**Directions**
Repeat the listing word for word. No pictures belong in the copy.

**Dataset section**
+ + + + +
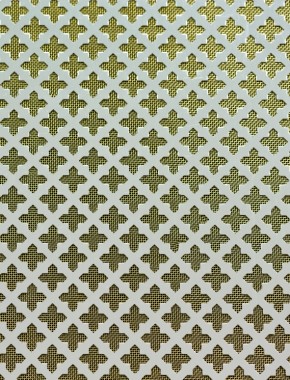 Fancy Cross Silver anodised 1X.665m with brass backing mesh 1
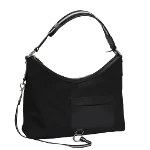 Black Canvas Bally Shoulder Bag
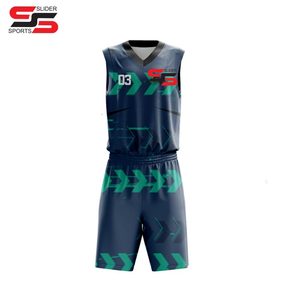 Uniforme de basket-ball pour hommes et jeunes à séchage rapide et respirant Logo imprimé Vêtements de sport pour équipes d'entraînement Sublimation - Product Image 3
+ + + + +
**Response for this exercise**
 Fancy Cross Silver anodised 1X.665m with brass backing mesh 1
 Black Canvas Bally Shoulder Bag
 Uniforme de basket-ball pour hommes et jeunes à séchage rapide et respirant Logo imprimé Vêtements de sport pour équipes d'entraînement Sublimation - Product Image 3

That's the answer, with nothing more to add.